J’avais demandé une expertise contradictoire, et le petit rapport de M. le contrôleur général Cretin, que le ministre de la guerre a bien voulu me lire, expose les raisons qui n’ont pas permis qu’on me l’accordât. En premier lieu, on a pensé que les experts en écriture étaient tellement discrédités en ce moment, qu’une nouvelle expertise ne ferait la conviction de personne : on dirait une fois de plus que les experts sont des ignorants, ou bien qu’on les a achetés. En second lieu, on se trouvait de nouveau devant « la chose jugée », puisqu’il existe une ordonnance de non-lieu du juge d’instruction Flory, disant que la lettre Combe lui a paru authentique ; et un ministre ne pouvait faire procéder à un examen, qui aurait peut-être détruit cette affirmation. Cependant, on m’autorisait à faire examiner la pièce par qui je voudrais, pour ma satisfaction personnelle. Et c’est ce que je me suis décidé, après réflexion, à ne pas faire en ce moment, pour des raisons multiples. Une d’elles est que cet examen serait sans aucune sanction possible et ne ferait que compromettre le brave homme qui s’y livrerait. Et une autre raison, la raison décisive, est que les pièces de comparaison manquent, car les Archives ne me livreraient pas les pièces confidentielles qu’elles ont sans doute du colonel Combe, et je ne pourrais d’ailleurs accepter en toute confiance que des pièces venues d’une autre source, attendu que, s’il y a faux, le doute me resterait toujours que la pièce de comparaison qu’on me soumettrait serait peut-être justement celle qui aurait servi à faire ce faux.

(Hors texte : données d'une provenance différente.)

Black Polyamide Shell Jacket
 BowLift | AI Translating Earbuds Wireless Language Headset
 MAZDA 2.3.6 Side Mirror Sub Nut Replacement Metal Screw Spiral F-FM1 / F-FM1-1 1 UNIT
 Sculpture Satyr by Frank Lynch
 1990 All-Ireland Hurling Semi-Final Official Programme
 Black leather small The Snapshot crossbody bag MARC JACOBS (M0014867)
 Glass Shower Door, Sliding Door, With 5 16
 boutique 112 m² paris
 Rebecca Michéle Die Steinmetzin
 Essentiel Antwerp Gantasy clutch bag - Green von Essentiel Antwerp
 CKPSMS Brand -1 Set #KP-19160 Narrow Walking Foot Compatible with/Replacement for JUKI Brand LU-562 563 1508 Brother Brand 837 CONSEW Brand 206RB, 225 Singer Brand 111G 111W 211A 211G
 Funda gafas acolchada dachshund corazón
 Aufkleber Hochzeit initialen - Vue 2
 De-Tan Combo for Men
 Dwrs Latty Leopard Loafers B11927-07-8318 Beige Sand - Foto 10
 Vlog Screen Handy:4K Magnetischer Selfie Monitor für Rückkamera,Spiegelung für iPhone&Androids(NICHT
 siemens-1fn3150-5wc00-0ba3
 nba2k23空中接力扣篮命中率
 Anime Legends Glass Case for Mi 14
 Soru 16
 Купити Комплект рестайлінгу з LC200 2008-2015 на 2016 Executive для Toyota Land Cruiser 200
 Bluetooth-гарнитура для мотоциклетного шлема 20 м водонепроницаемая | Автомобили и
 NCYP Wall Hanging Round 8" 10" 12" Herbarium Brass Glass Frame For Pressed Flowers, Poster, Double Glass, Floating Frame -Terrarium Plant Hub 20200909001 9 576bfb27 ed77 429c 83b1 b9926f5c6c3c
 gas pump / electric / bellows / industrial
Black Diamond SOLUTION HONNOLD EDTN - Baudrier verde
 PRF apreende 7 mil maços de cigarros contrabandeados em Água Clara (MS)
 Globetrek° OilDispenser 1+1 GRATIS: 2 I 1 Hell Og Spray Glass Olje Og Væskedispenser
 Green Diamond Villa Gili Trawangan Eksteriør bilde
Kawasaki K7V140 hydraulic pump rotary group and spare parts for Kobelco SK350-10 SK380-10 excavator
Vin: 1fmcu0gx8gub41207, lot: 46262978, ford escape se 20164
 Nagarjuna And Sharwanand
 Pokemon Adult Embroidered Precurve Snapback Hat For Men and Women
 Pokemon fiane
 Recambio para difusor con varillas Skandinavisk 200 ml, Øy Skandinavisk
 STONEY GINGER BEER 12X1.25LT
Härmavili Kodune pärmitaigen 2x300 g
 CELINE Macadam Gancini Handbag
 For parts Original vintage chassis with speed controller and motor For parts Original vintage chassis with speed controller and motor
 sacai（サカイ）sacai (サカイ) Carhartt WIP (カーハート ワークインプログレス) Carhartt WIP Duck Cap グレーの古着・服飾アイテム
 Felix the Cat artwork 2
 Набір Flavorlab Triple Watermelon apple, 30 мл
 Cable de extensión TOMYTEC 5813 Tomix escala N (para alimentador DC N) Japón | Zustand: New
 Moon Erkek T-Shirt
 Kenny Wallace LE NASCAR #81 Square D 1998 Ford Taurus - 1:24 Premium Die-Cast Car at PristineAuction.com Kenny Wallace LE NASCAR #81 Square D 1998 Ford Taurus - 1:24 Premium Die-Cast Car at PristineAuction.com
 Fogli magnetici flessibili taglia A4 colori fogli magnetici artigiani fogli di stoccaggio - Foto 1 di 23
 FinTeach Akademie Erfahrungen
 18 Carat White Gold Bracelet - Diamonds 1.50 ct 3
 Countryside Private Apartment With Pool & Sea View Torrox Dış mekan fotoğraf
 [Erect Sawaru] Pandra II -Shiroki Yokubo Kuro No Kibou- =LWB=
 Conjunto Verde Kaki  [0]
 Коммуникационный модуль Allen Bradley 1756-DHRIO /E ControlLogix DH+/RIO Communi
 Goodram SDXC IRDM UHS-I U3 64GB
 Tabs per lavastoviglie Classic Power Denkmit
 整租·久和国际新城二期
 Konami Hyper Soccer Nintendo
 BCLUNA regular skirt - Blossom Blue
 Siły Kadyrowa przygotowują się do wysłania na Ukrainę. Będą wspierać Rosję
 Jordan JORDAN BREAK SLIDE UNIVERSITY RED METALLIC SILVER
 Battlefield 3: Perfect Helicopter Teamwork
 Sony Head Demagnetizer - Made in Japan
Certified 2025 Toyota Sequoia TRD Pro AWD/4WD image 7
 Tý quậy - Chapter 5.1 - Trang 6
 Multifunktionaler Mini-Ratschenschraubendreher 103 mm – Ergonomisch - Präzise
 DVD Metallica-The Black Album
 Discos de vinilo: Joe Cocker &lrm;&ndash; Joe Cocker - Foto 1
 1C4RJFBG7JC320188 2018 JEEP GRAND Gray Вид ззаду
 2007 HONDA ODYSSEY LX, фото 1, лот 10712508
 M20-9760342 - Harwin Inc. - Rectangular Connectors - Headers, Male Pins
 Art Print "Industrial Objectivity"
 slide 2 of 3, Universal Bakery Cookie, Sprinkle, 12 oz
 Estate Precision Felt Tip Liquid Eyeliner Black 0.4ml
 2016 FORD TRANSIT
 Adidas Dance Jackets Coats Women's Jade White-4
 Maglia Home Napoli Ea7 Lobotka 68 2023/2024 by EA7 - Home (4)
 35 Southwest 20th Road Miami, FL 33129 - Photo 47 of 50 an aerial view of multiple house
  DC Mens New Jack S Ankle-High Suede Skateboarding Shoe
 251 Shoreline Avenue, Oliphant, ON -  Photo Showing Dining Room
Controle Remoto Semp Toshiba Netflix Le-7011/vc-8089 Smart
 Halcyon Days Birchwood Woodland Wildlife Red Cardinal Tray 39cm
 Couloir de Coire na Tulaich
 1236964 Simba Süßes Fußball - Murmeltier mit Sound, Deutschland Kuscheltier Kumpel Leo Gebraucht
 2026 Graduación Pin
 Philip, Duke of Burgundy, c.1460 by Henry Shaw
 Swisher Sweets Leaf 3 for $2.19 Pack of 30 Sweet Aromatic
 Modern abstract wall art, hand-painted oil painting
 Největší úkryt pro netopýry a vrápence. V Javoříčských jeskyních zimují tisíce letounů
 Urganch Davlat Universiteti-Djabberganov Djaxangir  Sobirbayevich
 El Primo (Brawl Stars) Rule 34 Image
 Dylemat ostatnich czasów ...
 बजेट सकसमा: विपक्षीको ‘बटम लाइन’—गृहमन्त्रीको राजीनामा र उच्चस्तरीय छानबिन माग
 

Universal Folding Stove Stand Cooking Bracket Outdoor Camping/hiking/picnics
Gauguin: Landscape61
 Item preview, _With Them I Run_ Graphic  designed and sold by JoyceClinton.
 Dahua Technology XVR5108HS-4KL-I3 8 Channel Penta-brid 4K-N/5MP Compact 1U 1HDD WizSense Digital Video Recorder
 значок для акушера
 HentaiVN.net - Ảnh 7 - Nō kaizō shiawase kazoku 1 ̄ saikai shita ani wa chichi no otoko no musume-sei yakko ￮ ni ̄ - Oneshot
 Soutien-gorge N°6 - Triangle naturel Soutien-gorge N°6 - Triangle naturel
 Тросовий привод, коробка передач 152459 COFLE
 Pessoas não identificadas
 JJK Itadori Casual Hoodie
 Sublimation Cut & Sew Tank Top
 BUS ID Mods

J’attends, j’ai assez conquis de vérité déjà pour espérer qu’une circonstance me permettra de faire toute la lumière un jour.

Cette idée de suppression et de substitution de pièces s’ancre en moi davantage encore, lorsque je discute avec les faits et que je tâche de les établir dans l’ordre où ils ont dû s’enchaîner.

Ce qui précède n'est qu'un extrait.